The Assassin’s emotions were not always unguarded, however, even now. He still preferred hiding, perhaps out of habit. I was not so determined to force him out now. I didn’t need him to play by my rules or to fit my standards, to meet a certain expectation of humanity. The only thing I needed from my beast was for him to accept my offering of caring.
Perhaps, even, of love.
It seemed impossible when I had first arrived. I despised the Assassin, and thus anything to do with him. But perhaps, the idea was not so far-fetched. Human being are created to love, and to be loved. And if he was the only human available to me, should I not love him?

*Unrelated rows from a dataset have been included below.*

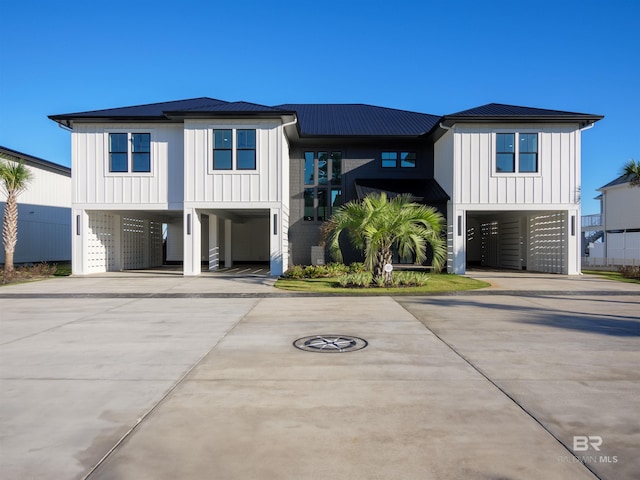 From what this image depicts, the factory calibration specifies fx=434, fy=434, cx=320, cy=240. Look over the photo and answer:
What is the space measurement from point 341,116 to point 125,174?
1239 centimetres

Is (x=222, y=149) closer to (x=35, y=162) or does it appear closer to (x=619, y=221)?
(x=35, y=162)

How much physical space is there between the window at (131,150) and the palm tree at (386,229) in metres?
10.0

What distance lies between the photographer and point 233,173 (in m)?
18.1

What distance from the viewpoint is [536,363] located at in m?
5.53

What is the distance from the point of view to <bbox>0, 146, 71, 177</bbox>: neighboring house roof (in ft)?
77.5

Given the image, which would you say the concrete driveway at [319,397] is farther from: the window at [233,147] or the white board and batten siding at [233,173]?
the window at [233,147]

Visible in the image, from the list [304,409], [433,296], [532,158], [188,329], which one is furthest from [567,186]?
[304,409]

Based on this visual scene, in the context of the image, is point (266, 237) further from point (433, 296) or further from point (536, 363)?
point (536, 363)

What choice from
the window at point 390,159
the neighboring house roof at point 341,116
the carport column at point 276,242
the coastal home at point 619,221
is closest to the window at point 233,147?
the neighboring house roof at point 341,116

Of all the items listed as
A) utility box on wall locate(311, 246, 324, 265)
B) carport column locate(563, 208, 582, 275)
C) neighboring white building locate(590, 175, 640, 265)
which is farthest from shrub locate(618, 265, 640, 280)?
neighboring white building locate(590, 175, 640, 265)

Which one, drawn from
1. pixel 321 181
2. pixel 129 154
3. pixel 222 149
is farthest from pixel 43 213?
pixel 321 181

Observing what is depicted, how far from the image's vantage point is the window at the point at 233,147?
18109 millimetres

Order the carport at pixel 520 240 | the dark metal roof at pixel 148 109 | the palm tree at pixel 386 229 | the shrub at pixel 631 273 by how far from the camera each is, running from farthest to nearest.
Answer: the carport at pixel 520 240 < the dark metal roof at pixel 148 109 < the shrub at pixel 631 273 < the palm tree at pixel 386 229

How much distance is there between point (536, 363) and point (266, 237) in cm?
2450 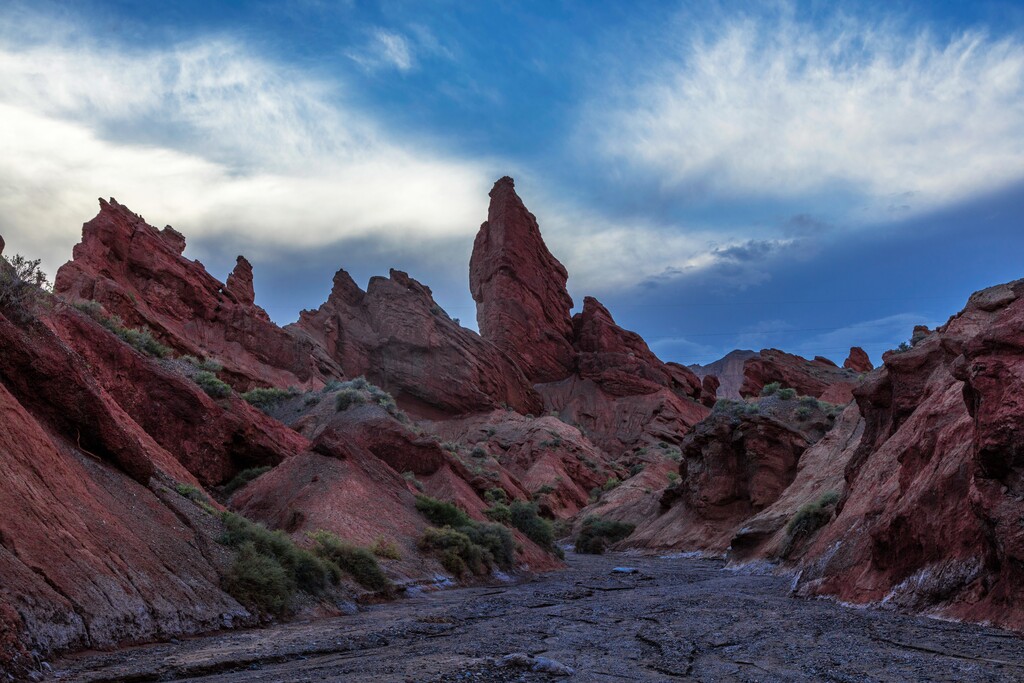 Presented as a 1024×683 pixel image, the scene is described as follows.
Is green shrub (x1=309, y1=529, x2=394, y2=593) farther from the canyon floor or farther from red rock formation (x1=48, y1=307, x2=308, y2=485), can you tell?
red rock formation (x1=48, y1=307, x2=308, y2=485)

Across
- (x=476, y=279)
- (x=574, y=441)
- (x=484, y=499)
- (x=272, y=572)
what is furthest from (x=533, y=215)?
(x=272, y=572)

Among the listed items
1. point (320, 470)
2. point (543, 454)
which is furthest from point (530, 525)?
point (543, 454)

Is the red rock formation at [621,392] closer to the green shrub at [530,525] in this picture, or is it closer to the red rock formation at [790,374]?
the red rock formation at [790,374]

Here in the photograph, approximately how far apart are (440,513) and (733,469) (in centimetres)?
2415

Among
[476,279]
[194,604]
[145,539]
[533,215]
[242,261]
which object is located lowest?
[194,604]

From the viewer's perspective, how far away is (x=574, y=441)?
84.3 m

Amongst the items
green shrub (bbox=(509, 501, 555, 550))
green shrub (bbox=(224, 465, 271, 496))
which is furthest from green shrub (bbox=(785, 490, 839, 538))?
green shrub (bbox=(224, 465, 271, 496))

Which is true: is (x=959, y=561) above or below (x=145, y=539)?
below

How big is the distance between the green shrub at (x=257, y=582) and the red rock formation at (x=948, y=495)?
11.7 meters

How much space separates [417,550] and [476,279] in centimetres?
10749

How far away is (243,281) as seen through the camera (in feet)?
269

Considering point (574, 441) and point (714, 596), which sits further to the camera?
point (574, 441)

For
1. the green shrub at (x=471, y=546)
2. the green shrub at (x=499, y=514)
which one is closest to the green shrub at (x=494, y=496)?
the green shrub at (x=499, y=514)

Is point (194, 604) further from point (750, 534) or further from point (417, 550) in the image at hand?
point (750, 534) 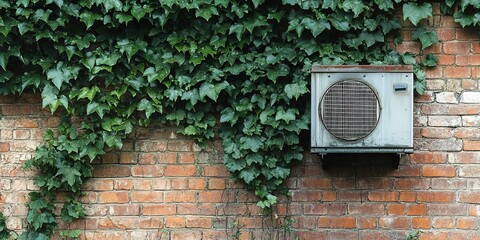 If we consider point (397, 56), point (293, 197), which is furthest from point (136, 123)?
point (397, 56)

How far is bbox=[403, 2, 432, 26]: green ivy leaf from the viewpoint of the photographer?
387cm

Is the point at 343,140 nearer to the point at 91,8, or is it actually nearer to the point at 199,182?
the point at 199,182

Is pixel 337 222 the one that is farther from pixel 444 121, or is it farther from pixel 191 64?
pixel 191 64

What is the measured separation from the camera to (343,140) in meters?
3.59

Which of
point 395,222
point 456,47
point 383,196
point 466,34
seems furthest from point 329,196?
point 466,34

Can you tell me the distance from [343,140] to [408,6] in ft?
3.25

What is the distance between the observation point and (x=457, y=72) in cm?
396

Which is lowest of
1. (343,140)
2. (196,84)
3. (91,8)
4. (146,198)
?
(146,198)

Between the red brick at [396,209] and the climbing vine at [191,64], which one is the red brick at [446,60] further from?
the red brick at [396,209]

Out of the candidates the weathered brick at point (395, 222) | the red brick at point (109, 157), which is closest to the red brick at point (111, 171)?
the red brick at point (109, 157)

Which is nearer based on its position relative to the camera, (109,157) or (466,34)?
(466,34)

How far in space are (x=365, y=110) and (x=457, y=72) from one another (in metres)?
0.81

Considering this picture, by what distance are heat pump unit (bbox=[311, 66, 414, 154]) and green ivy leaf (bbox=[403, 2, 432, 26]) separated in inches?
16.5

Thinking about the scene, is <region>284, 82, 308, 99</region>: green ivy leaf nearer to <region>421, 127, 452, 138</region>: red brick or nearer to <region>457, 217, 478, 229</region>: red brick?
<region>421, 127, 452, 138</region>: red brick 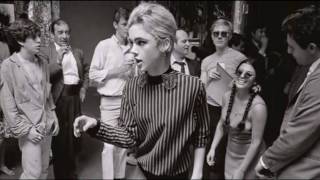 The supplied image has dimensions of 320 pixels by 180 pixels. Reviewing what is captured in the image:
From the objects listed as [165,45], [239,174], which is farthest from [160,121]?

But I think he was afraid of it. He had been unloved for so long. Whether it was the beast repelling the idea or the Assassin afraid of accepting it, I wasn’t certain.
Or perhaps, I thought. He doesn’t want my love, pure and simple. I am his serving girl. His brainless, penniless, spineless serving girl. His mockery concerning my lack of proper wits or attractiveness were clues enough towards his opinion of me.
And so, in short, I didn’t really know what to make of the situation. Nothing had changed, and yet my entire world had shifted in the same moment.